2. Let $$S$$ be the sample space for an experiment. Let $$S = \{O_1, O_2, O_3, O_4, O_5\}$$. Assume that $$Pr[O_1] = 0.1$$ and $$Pr[O_4] = 0.25$$. Assume that $$O_2$$ and $$O_3$$ are equally likely and that $$O_5$$ is three times as likely as $$O_2$$. Find $$Pr[O_2]$$ and $$Pr[O_5]$$.
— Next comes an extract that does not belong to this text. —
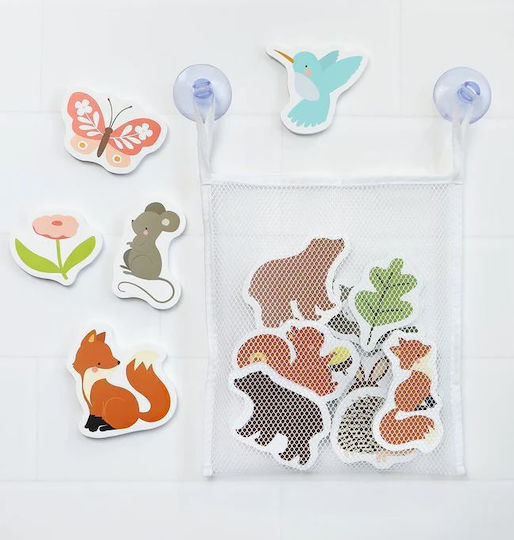 A Little Lovely Company Water Coloring Book And Water Puzzle: Forest Friends Bath Toy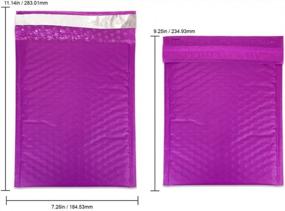 img 3 attached to Purple Self-Sealing Bubble Mailer Envelopes #0 Size - Pack Of 100 From Beauticom - Ideal For Mailing & Shipping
3. Suppose that $$Pr[A] = 0.4$$, $$Pr[B] = 0.6$$, and $$Pr[A \cap B^c] = 0.16$$. Determine $$Pr[A^c], Pr[A\cup B], Pr[A^c\cap B]$$.

Solutions:

1. Since the only three outcomes of this experiment are picking an orange, red, or purple ball, we have a $$100-25-37=38\%$$ chance of picking a purple ball. Therefore $$Pr(\text{orange or purple})=Pr(\text{orange})+Pr(\text{purple})=0.25+0.38=0.63.$$
2. Because there are only these 5 outcomes, we know $$Pr(O_1)+Pr(O_2)+Pr(O_3)+Pr(O_4)+Pr(O_5)=1$$. Since $$O_2$$ and $$O_3$$ are equally likely, we know that $$Pr(O_3)=Pr(O_2)$$, and since $$O_5$$ is three times as likely as $$O_2$$, we know $$Pr(O_5)=3Pr(O_2)$$. Substituting this information and the given probabilities into our initial equation, we get $$0.1+Pr(O_2)+Pr(O_2)+0.25+3Pr(O_2)=1$$. Combining like terms we see that $$0.35+5Pr(O_2)=1$$. We subtract $$0.35$$ and divide by $$5$$ to get that $$Pr(O_2)=0.13$$, and therefore $$Pr(O_5)=3Pr(O_2)=3\cdot 0.13=0.39.$$
3. The answer to the first question is that $$Pr(A^c)=0.6$$ since, for any set $$A$$, $$Pr(A)+Pr(A^c)=1$$. We next make the Venn diagram shown below by first using $$Pr(A\cap B^c)=0.16.$$ By subtraction, $$Pr(A\cap B)=0.24$$ and hence $$Pr(A^c\cap B)=0.36.$$ Therefore, $$Pr(A^c\cap B^c)=0.24.$$ Using the diagram we see that $$Pr(A\cup B)=0.16+0.24+0.36=0.76$$ and $$Pr(A^c\cap B)=0.36$$.